En 2006, le rapprochement, d’une part, de ce dessin avec ceux du « Problem Group I » et, d’autre part, avec un tableau portant une signature représentant une route le long de cette même auberge dans un paysage sensiblement identique4 a permis d’attribuer l’ensemble de ces œuvres à Jan van der Meer I. Formé auprès du peintre Jacob de Wet I (vers 1610–1677/1691) à Haarlem, Jan van der Meer I, connu aussi sous le nom de Jan Vermeer van Haarlem, fut reçu membre de la guilde des peintres en 1654 et y exerça différentes fonctions5. Selon toute vraisemblance, il devait connaître Ruisdael qui travaillait dans cette ville à la même époque et a su s’en inspirer.

Marleen Ram

1Jeroen Giltaij, «  Tekeningen van Jacob Ruisdael  », Oud Holland, vol. XCIV, n° 2/3, 1980, p. 177-178.

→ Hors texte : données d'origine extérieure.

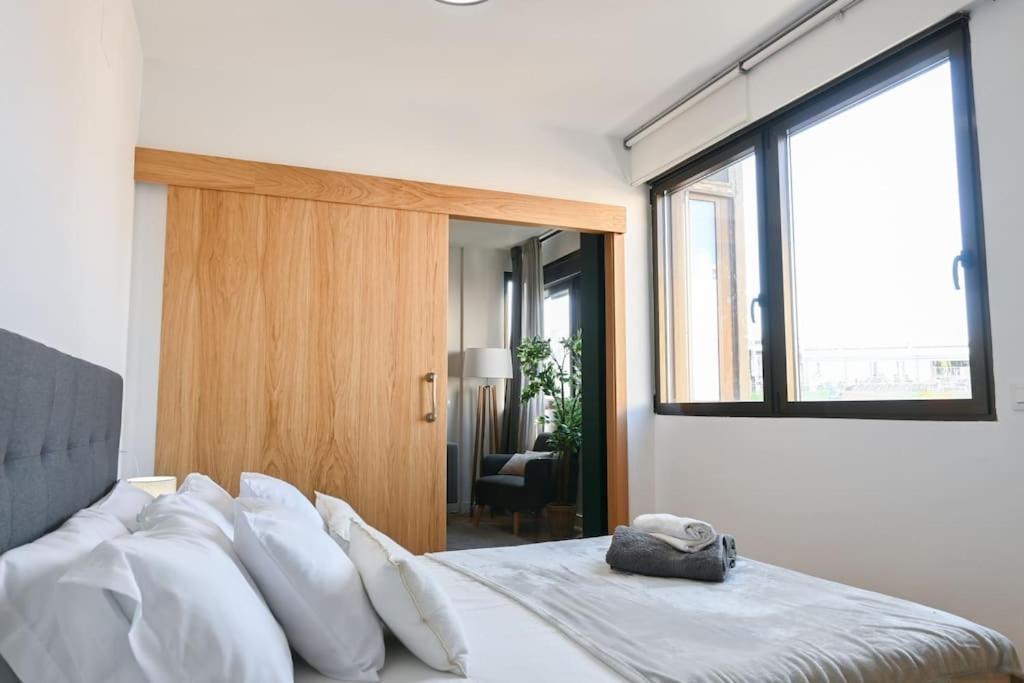 For You Rentals Apartamento Temporal Centrico De Dos Dormitorios Sil2 Madrid Esterno foto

2Giltaij 1980, op. cit. (note 1), p. 148-149  ; et Seymour Slive, Jacob van Ruisdael. A Complete Catalogue of His Paintings, Drawings and Etchings, New Haven, 2001, p. 493-524, nos D1-D43, repr.

3Comme par exemple le dessin Vue de Haarlem, prise des dunes du côté sud, Paris, musée du Louvre, inv. 23017, pierre noire, rehauts de lavis gris, 164 × 239 mm  ; Frits Lugt, Musée du Louvre. Inventaire général des dessins des écoles du Nord : École hollandaise, Paris, 1931, vol. II, n° 670, repr., comme «  Jacob van Ruisdael  »  ; Slive 2001, op. cit. (note 2), p. 686, n° dubD36, repr., comme «  anonyme  ».

4Localisation actuelle inconnue (huile sur toile, 81,9 × 84,4 cm)  ; Jeroen Giltaij, «  Tekeningen van Jan (I) van der Meer van Haarlem  », Oud Holland, vol. CXXII, n° 2/3, 2009, p. 151-152, fig. 8.

5Giltaij 2009, op. cit. (note 4), p. 152.